まずはシステムの構成を考えてみました。こんな感じでいけるかなぁ?入力信号を映像信号と同期信号に分け、同期信号をトリガとしてJR-100の出力では欠けている垂直同期信号を生成し、さらに今回はカラーバースト信号も生成する、という方針で考えていきます。また前回は水平同期と映像信号の出力のタイミングにゆらぎが発生したので、今回は映像信号の出力も水平同期信号にリンクさせ、水平方向に画面がブレる現象も解消しようと思います。また、図の青い四角は専用のICや部品を使い、オレンジ色の部分をPICで処理する、ということを意味します。

コンパレータによる映像分離

さっそく回路の構成に入っていきます。とりあえずはコンパレータを使ってビデオ出力から映像信号を取り出すところを作ってみます。JR-100の映像信号のドットクロックは7.15909MHz(→参考記事)なので、この信号変化に追随できる高速なコンパレータが必要です。今回は以下の2種類を候補とします。

  1. NJM360D (応答速度 20ns、±5V二電源、TTL出力)
  2. NJM319D (応答速度 80ns、+5V単電源、オープンコレクタ出力)

7.15909MHzということは1ドット分の時間が1/7.15909MHz=約140nsですから、応答時間はこれより短くなければなりません。2種類を候補としたのは実は後付けの理由で、最初NJM360Dを買ってから二電源必要なことに気づき、電源回路が複雑になるのを避けるために急きょNJM319Dも入手したことによります……。

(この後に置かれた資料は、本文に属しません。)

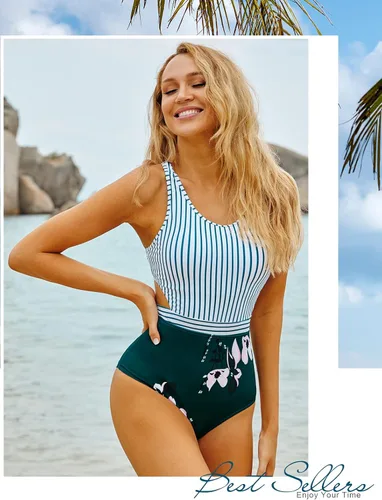 Miniatura 3 de MOLYBELL Traje de baño de una pieza para mujer de talle alto monokini estampado floral con cremallera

DC/DCコンバーターと3端子レギュレータを使って、コンパレータ用(と次に実験する同期分離IC用)の±5VとPIC用の3.3Vを出力する電源回路を作ります。DC/DCコンバーターでせっかく入出力を絶縁したのに、3端子レギュレータ出力を介してグラウンドが接続してしまうのが気にならないではないですが(この辺勉強不足でどうするのが正しいのか分かりません)、とりあえずこのままいきます。

電源回路

以下、それぞれのICにJR-100のビデオ出力を入力した結果をそれぞれ記します。なおコンパレータのリファレンス電圧は1kΩと3kΩの抵抗で分圧して1.25Vとします。また画面一面に市松模様の文字を表示した状態で計測しました。つまり映像信号上はHighとLowが1ビット単位で交互に並ぶ波形になります。

NJM319Dの場合

HからLへの変化に比べ、LからHへの変化は少しゆっくりとした立ち上がりになっています。また、出力電圧がVdd(=5V)に上がりきる前に立下りが始まってしまっているため、応答速度が追い付いていないように見えます。ただしオシロのプローブに起因するアンダーシュートが出ている可能性があり、0V以下の電圧まで触れている部分は0Vとみなしてもいいような気がします。

この出力をしきい値0.2Vdd(1.0V)、0.7Vdd(3.5V)でLとHに判定すると、Lの期間は76ns、Hの期間は36nsとなります。命令サイクルが約43MIPSだと1命令当たり23nsの時間が必要なので、映像信号をサンプリングするタイミングを相当厳密に合わせないと、特にHの信号を取りこぼす可能性がありそうです。

NJM360Dの場合(反転出力6pinの信号)

こちらは変化の仕方がだいぶ急峻になりました。H期間が146ns、L期間が98nsとだいぶ余裕があります(それでもL期間は4命令分の幅しかありませんが)。これなら何とかなりそうです。

まとめ

以上の結果から、映像信号を取り出すためのコンパレータはNJM360Dを使うことにします。電源回路が複雑になってしまうので、NJM360DでうまくいったらNJM319Dによる単電源化を模索してみようと思います。